John Ford’s 1956 The Searchers imperfectly but provocatively illuminated a previously unexplored dark side in classic Western iconography, offering a challenging picture of a traditional John Wayne hero who was also bitterly anti-Indian and brutal enough to spend the film pursuing the honor killing of his niece, now “the leavin’s of a Comanche buck.”
Ron Howard’s 2003 film The Missing, despite strong thematic similarities to Ford’s film, has nothing challenging or illuminating to offer, no questions to raise about contemporary assumptions, no new insights for modern audiences. In fact, where Ford’s film challenged assumptions and attitudes still current in 1956, Howard’s film largely embraces, if not panders to, politically correct current attitudes regarding gender roles, racism, and a number of other subjects.
In place of Ford’s iconic but Indian-hating cowboy hero, Howard gives us two white protagonists who are each, in their own ways, the antitheses of the John Wayne character.
One is an Indian-wannabe tracker named Samuel (Tommmy Lee Jones) who left his white family to live with the Indians, and now dresses like an Apache and practices native spirituality. The other is an independent white medicine woman named Maggie (Cate Blanchett) who’s liberated enough to share her bed with a cowboy beau without allowing him to marry her (this despite repeatedly being declared to be a “good Christian” woman), tough enough to ride shotgun with the tracker all the way to the Mexican border in order to recover her kidnapped daughter (Evan Rachel Wood), and white/Christian enough (read: “prejudiced”) to say things like “You never know what diseases these Indians have.”
Along for the ride are the kidnapped girl’s spunky younger sister
Dot (Jenna Boyd) and some helpful Native American allies. Against them
are the bad guys, consisting of Indian and white Army deserters, one of
whom is a nasty brujo or
Notice that the bad Indians are tainted with European-ness by being cast as Army collaborator-deserters, while the good Indians are free of European entanglements. Notice, too, that the comparatively enlightened white man is all Dances With Wolves, while the comparatively benighted woman is a hypocritical, ignorant Christian — though she’s also a gun-totin’ frontier mama capable of riding and fighting alongside Samuel, not to mention a single woman with a career — and she’s in charge of her love life, too.

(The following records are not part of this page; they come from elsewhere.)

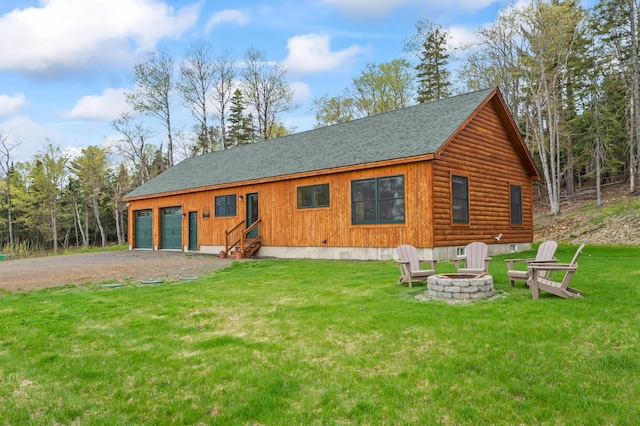 3935 Main St, Rangeley, ME 04970 - view of front of property featuring a shingled roof, an outdoor fire pit, a garage, driveway, and a front yard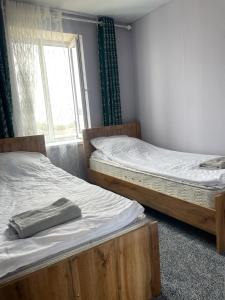 Postel nebo postele na pokoji v ubytování CBT1 Hotel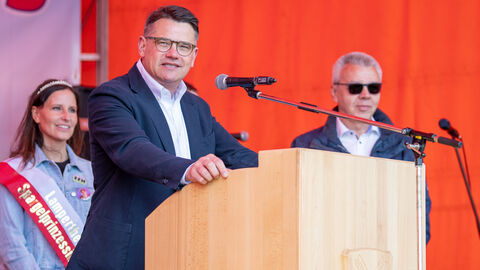 Ministerpräsident Rhein am Rednerpult bei der Spargelwanderung, hinter ihm die Lampertheimer Spargelprinzessin.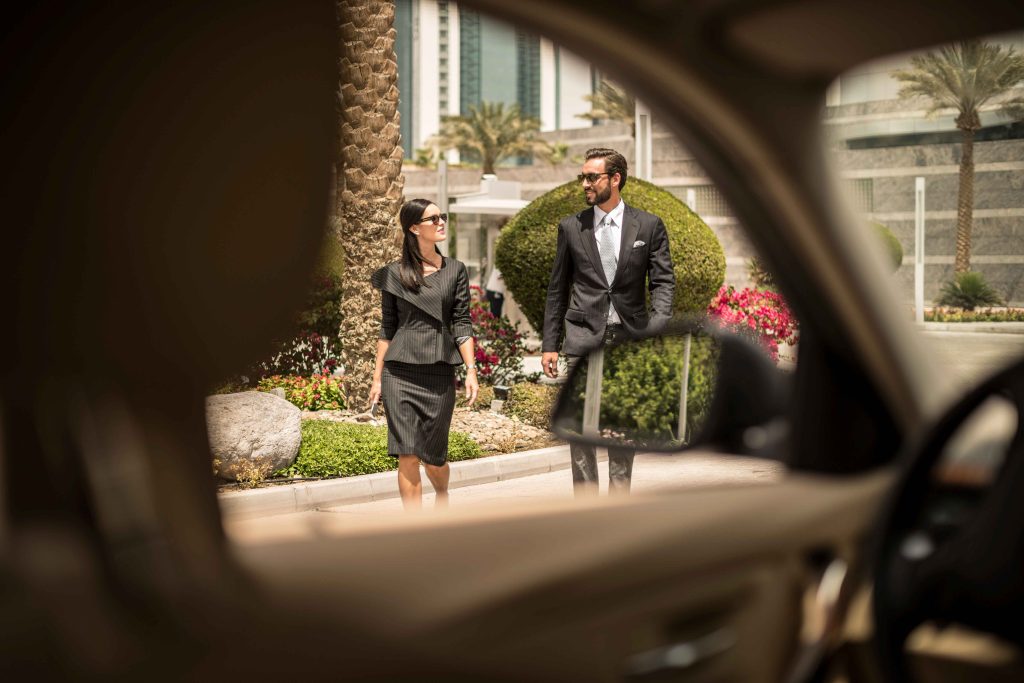 car window view of businesswoman and man walking o 2025 04 05 10 23 53 utc 11zon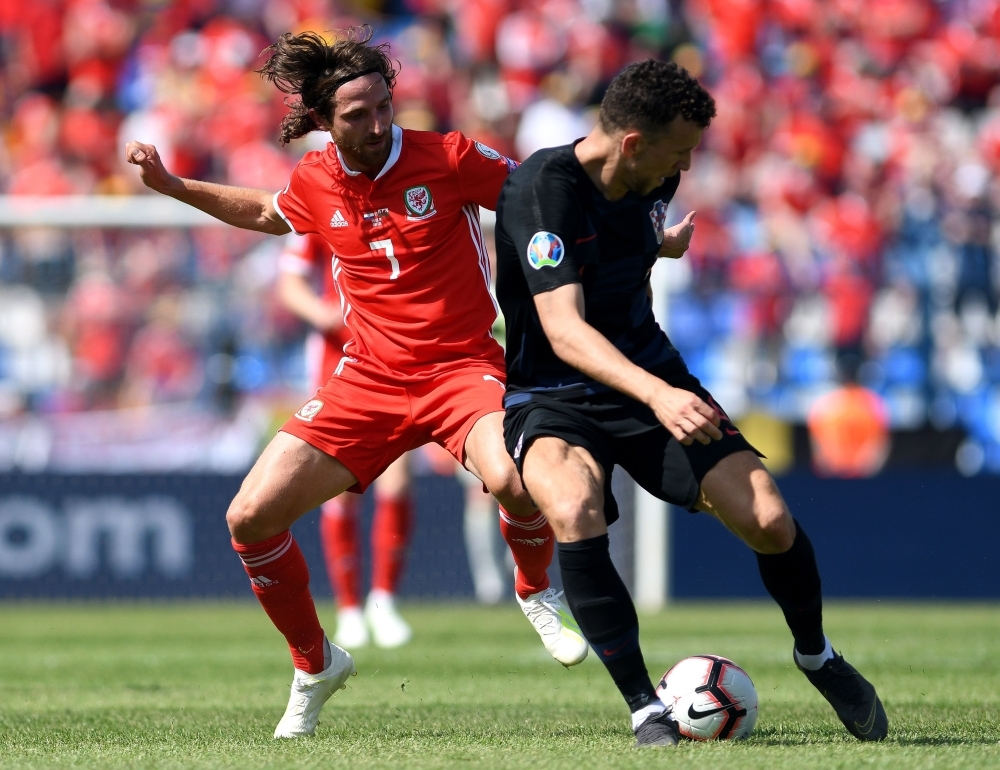 Croatia's forward Ivan Perisic (R) vies with Wales' midfielder Joe Allen during the Euro 2020 qualification football match between Croatia and Wales at Gradski vrt stadium in Osijek, Croatia, on Saturday. — AFP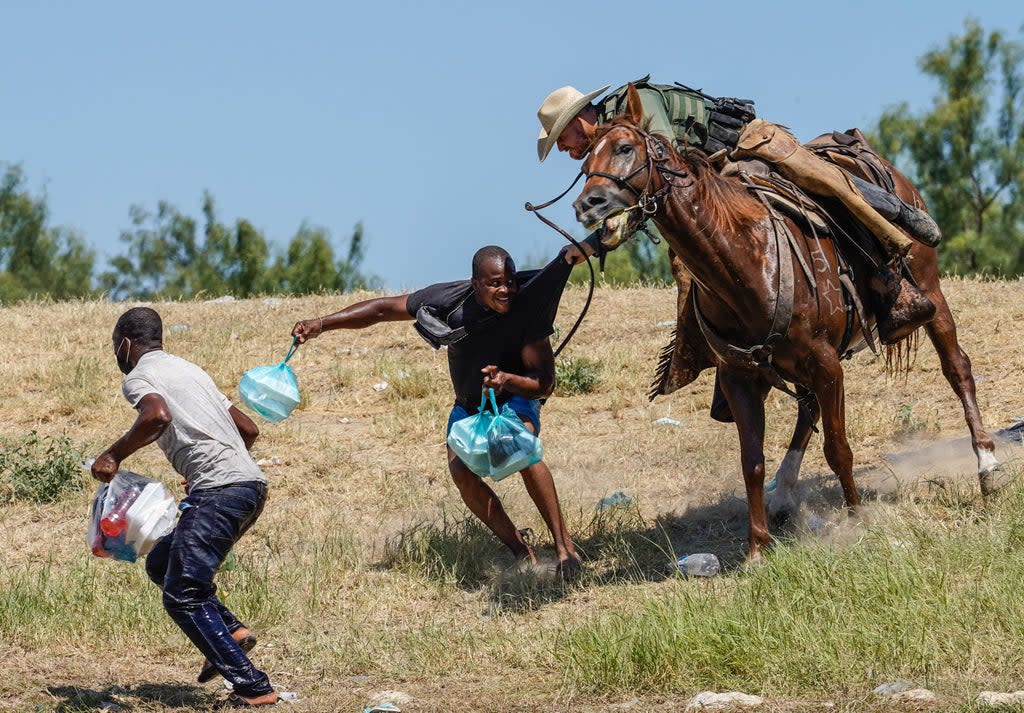 A US border patrol officer corrals a Haitian migrant earlier in September  (AFP via Getty)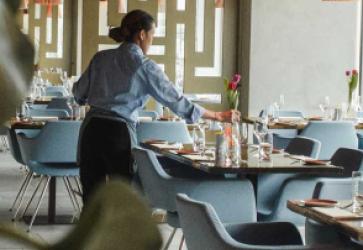 Worker arranging flowers on a restaurant table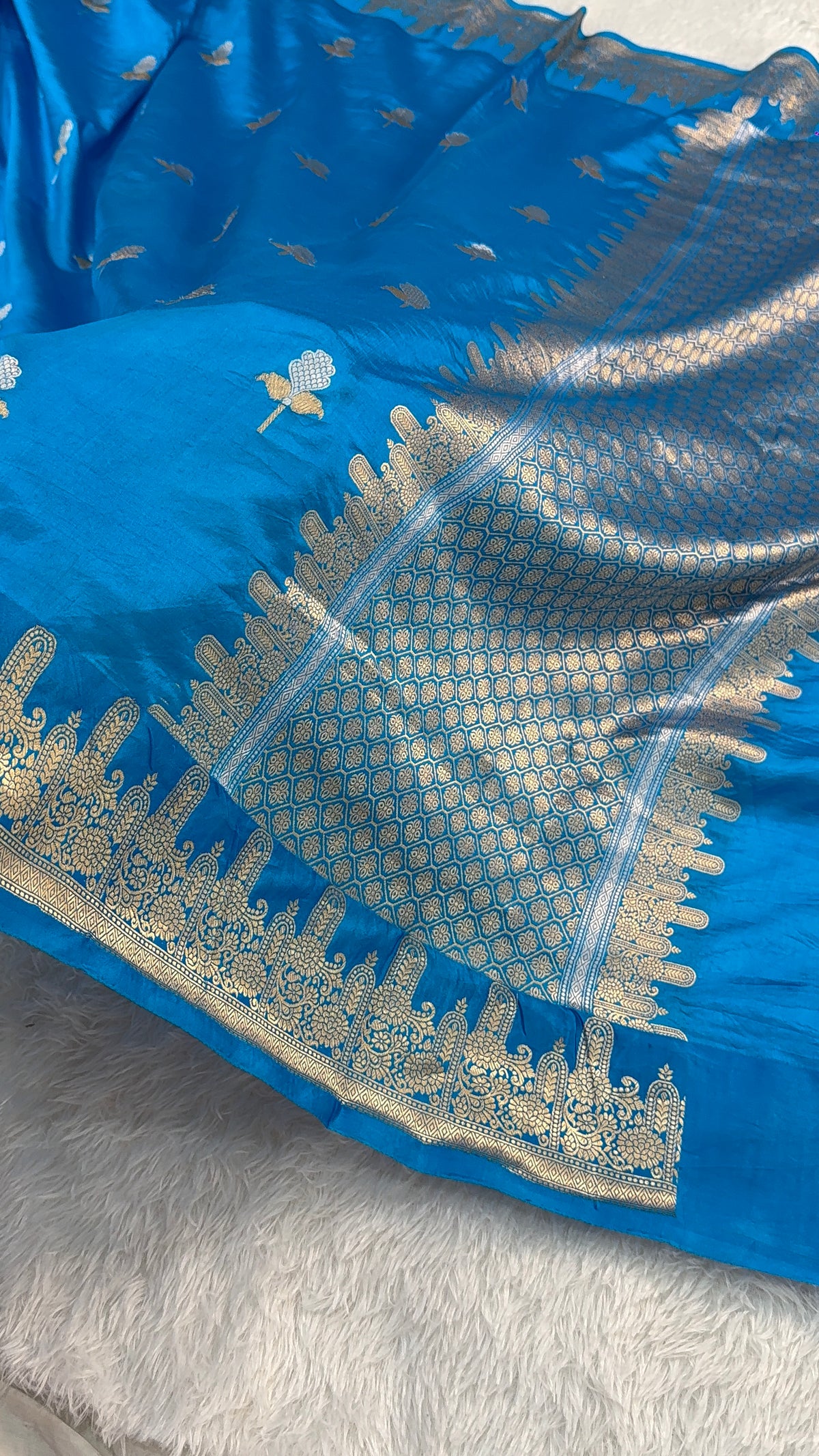 Banarasi Raw Mango Silk Saree in Border and Buta Design in Silver and Gold Zari work in Peacock Blue Color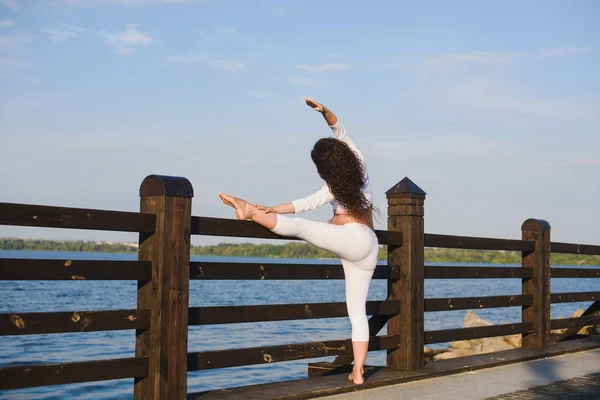 Femeie însărcinată care face yoga lângă râu — Fotografie, imagine de stoc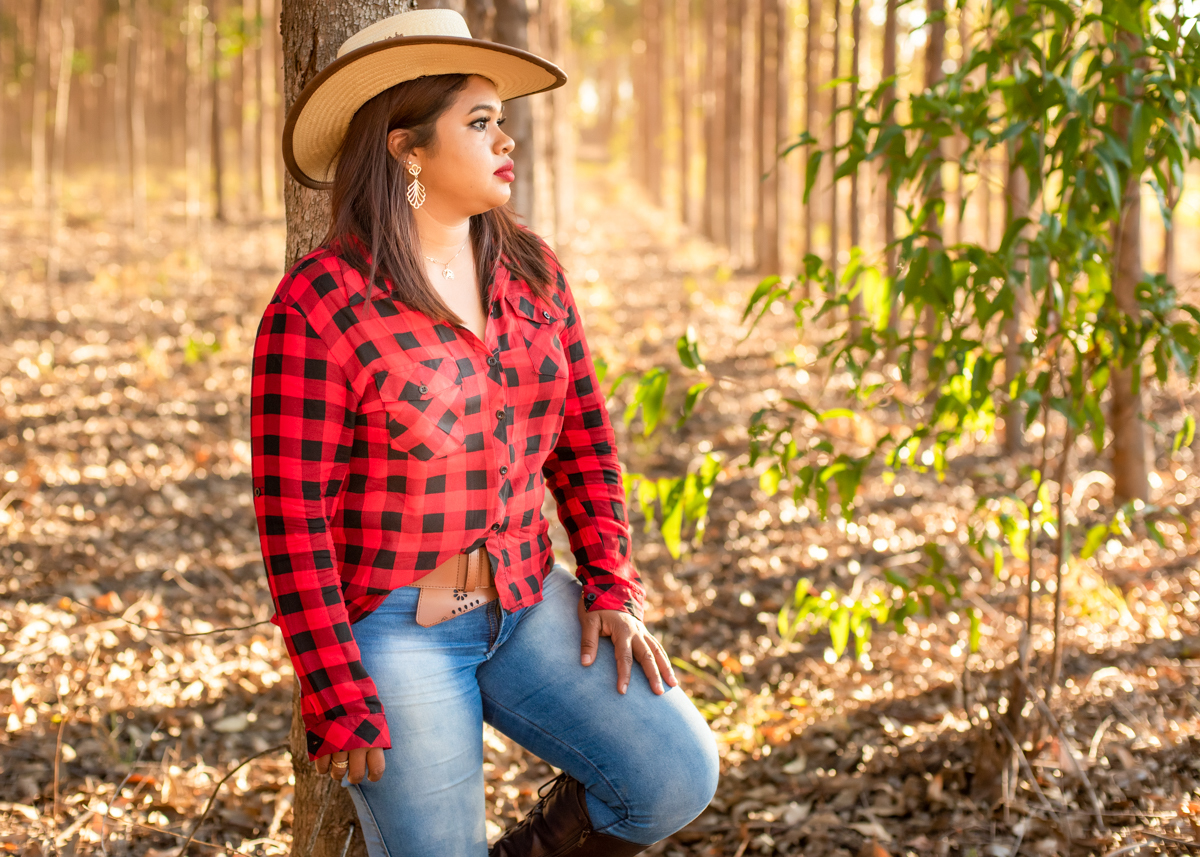 Ensaio externo da Danny entre os eucaliptos com sua camisa xadrez vermelha e preta e seu chapéu, calça Jeans e botas. com olhar distante. Fotos realizadas em Campo Grande-MS, feitas por Pedro Stanke.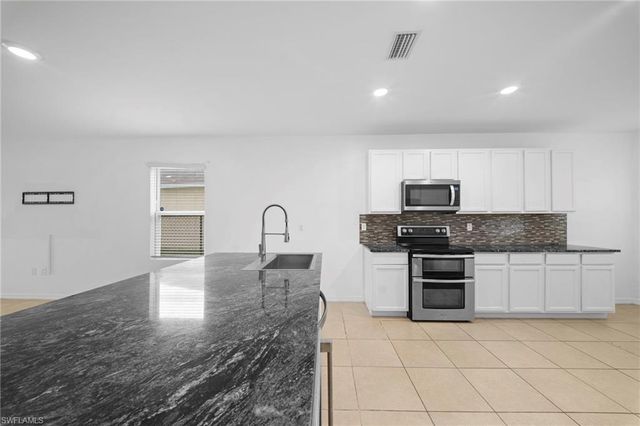 10464 canal brook LN, Lehigh Acres, FL 33936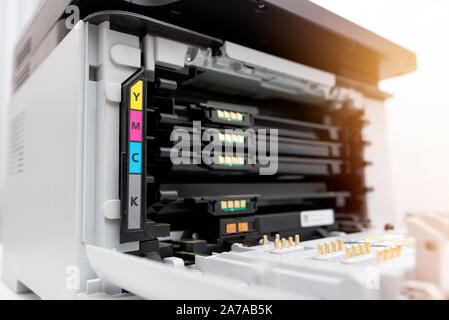 Toners in the laser printer. Multifunction printer, scanner, copier device. Stock Photo
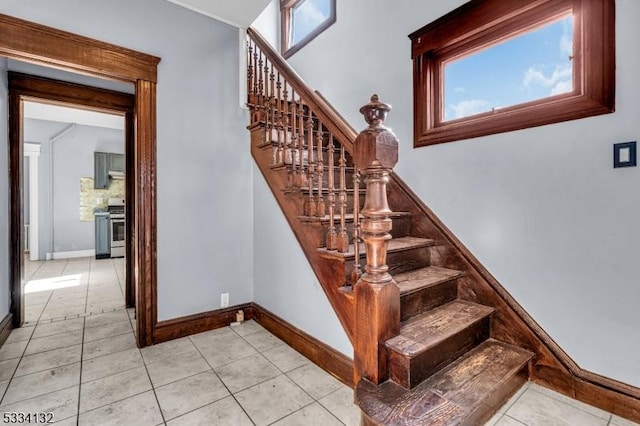 staircase featuring tile patterned flooring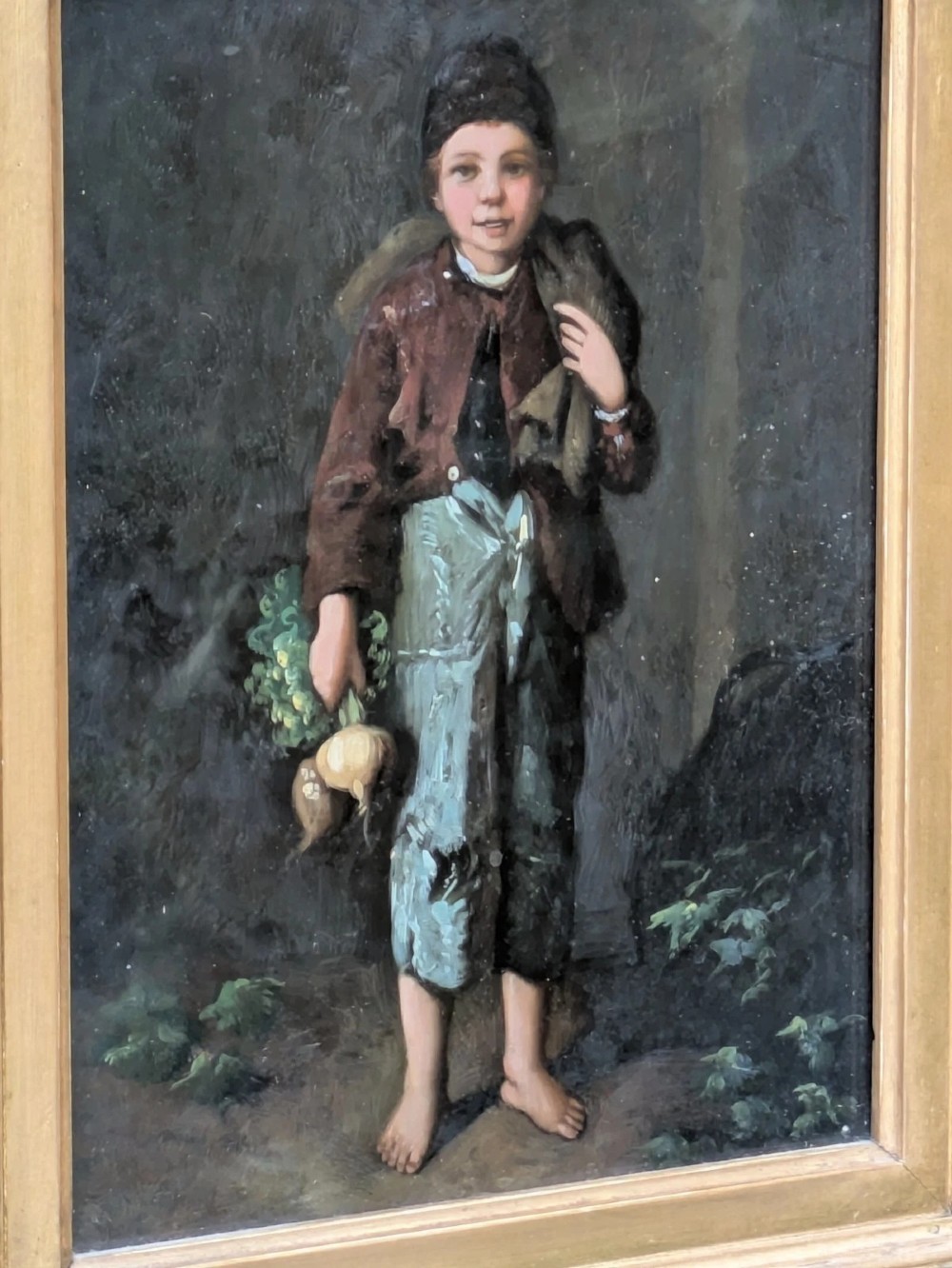 A pair of 19th-century oil paintings depicting young boys in rustic attire, mounted within deep, ornate gilded wooden frames. View VII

Then there’s the movie’s spiritual overtones, which invoke both Christianity and Native American spirituality and voodoo-like magic. As soon as Samuel realizes that there’s a brujo among their enemies, he wants Maggie and Dot to wear protective talismans. Despite his warnings about the paranormal things he’s witnessed such witches accomplish, Maggie refuses, being a good Christian woman, though she does allow Dot to wear one.
As it happens, Maggie’s the one who seems to get hit by the brujo when she leaves behind a hairbrush and he gets ahold of a hank of her hair. As she lies frail and feverish, Samuel desperately musters what little protective mojo he can to try to defend her, at the same time syncretistically urging Dot to read from the Bible. Oddly, the passage Dot chooses is the genealogy of Jesus in Matthew 1 (even though earlier, when reading the Bible for the benefit of a sick woman, she read from a more obviously appropriate source, Psalm 23).
In the end, Maggie recovers, and the movie doesn’t officially declare whether it was Samuel’s Indian mojo, Dot’s reading, or the combination of the two that did the trick — or even whether it was really the brujo’s magic, and not bad drink, that made Maggie ill in the first place. Still, it’s the brujo who comes off as having really powerful spiritual connections; we have Samuel’s eyewitness accounts of brujo magic, and nothing that says Christians have any power or pull in spiritual matters.
Even on a storytelling level, despite decent writing, solid acting, and fine production values, this is no Open Range. It’s bleak and joyless. The heroes suffer so many setbacks and losses, and their predicament is so grim and hopeless for so long, that the film could only be redeemed by some kind of challenging moral implication (cf. The Searchers) or by an especially redemptive, uplifting third act.
But there’s nothing like either of those two things here. The Missing is neither cathartic nor escapist, neither persuasive nor inspiring. It’s just a gritty, exhausting tale of perseverance and survival that takes too long to get to the end without enough of a reason to get there.